Ayşegül Yüksel

Varlık Özmenek’in ‘Bilim ve Sanat’ı

01 Eylül 2020 Salı

Ustaların ustası gazeteci Varlık Özmenek’i iki hafta önce yitirdik. Sivil toplum örgütlerindeki çalışmalarıyla tanınan, pek çok genç gazetecinin yetişmesini sağlayan, Ankara Televizyonu’nun Mahmut Tali Öngören’le birlikte kurucularından olan, kitaplar yazmış, yaşamı boyunca demokrasi ve özgürlüğü savunmuş, mesleğini insandan, eşitlik ve adaletten yana duruşuyla taçlandırmış bir basın emekçisiydi. Gazeteler yaşamöyküsüne ayrıntılı olarak yer verdiler.

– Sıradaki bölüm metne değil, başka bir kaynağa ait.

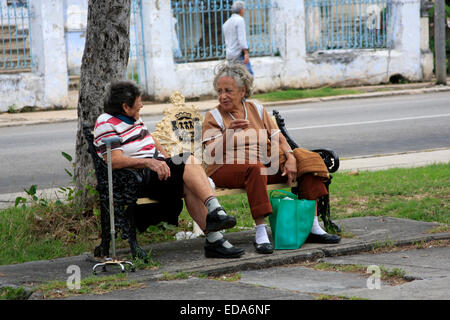 Due donne cubane seduti in una piazza cittadina di parlare nel quartiere Vedado dell Avana Foto Stock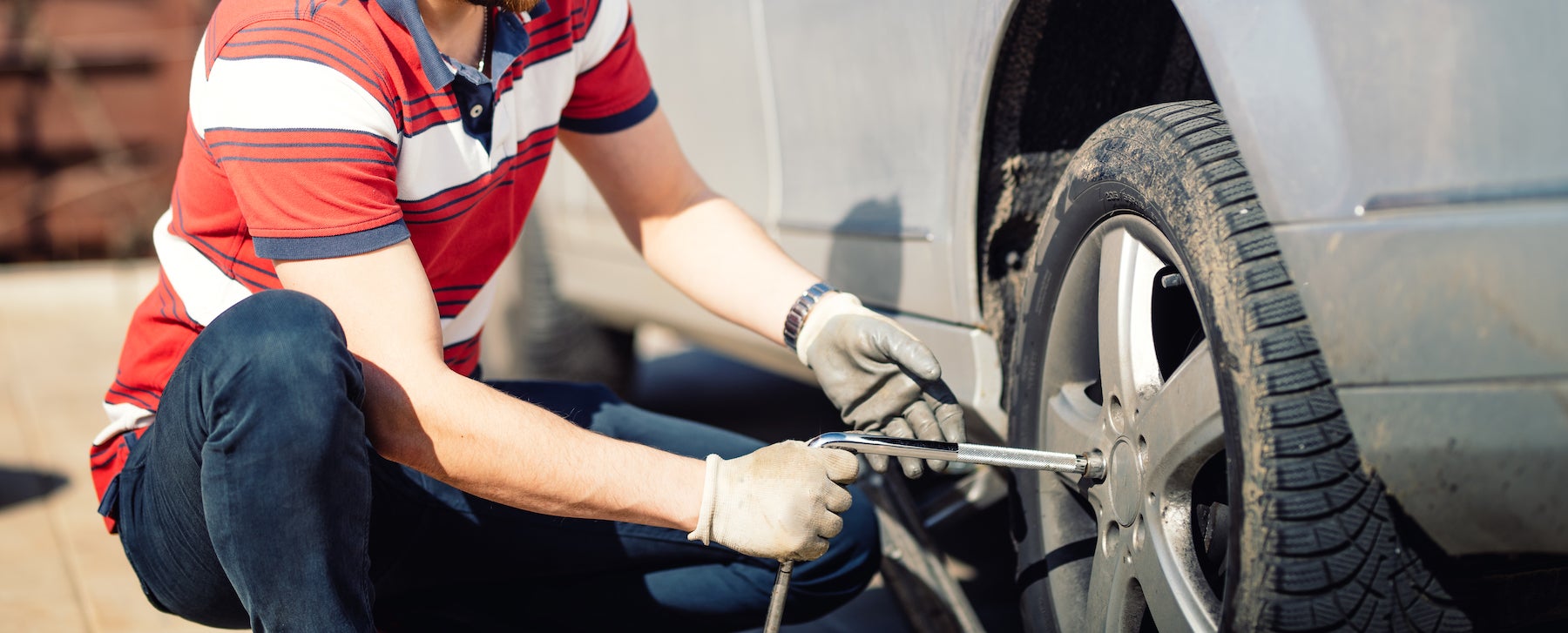How to change a tire step-by-step guide at Fiore Toyota in Hollidaysburg | man changing car tire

Varlık Özmenek, Ankara’da yaklaşık dokuz yıl boyunca çıkmış olan Bilim ve Sanat Dergisi’nin kurucusu ve genel yayın yönetmeniydi. Ülkemizde 12 Eylül darbesinden sonra çıkan ilk sivil kültür dergisiydi Bilim ve Sanat. İlk sayısı 1981 Ocak ayında çıkan dergi -yaşanmakta olan amansız siyasal koşullara karşın- hiç aksamadan sürerek 99’uncu sayısına ulaşacaktı. Bilim ve sanat konularının ülkemizde pek de alışık olunmadığı bir biçimde yan yana geldiği bu yayın organı dokuzuncu yılına girdiği aşamada, karşısına çıkarılan “dağıtım” engelleri nedeniyle ancak dört beş sayı daha dayanabilecekti. Yine de ilginç içeriğine duyulan ilgi ve nitelikten ödün vermeyişi nedeniyle dergicilikte bir rekor kırılmıştı.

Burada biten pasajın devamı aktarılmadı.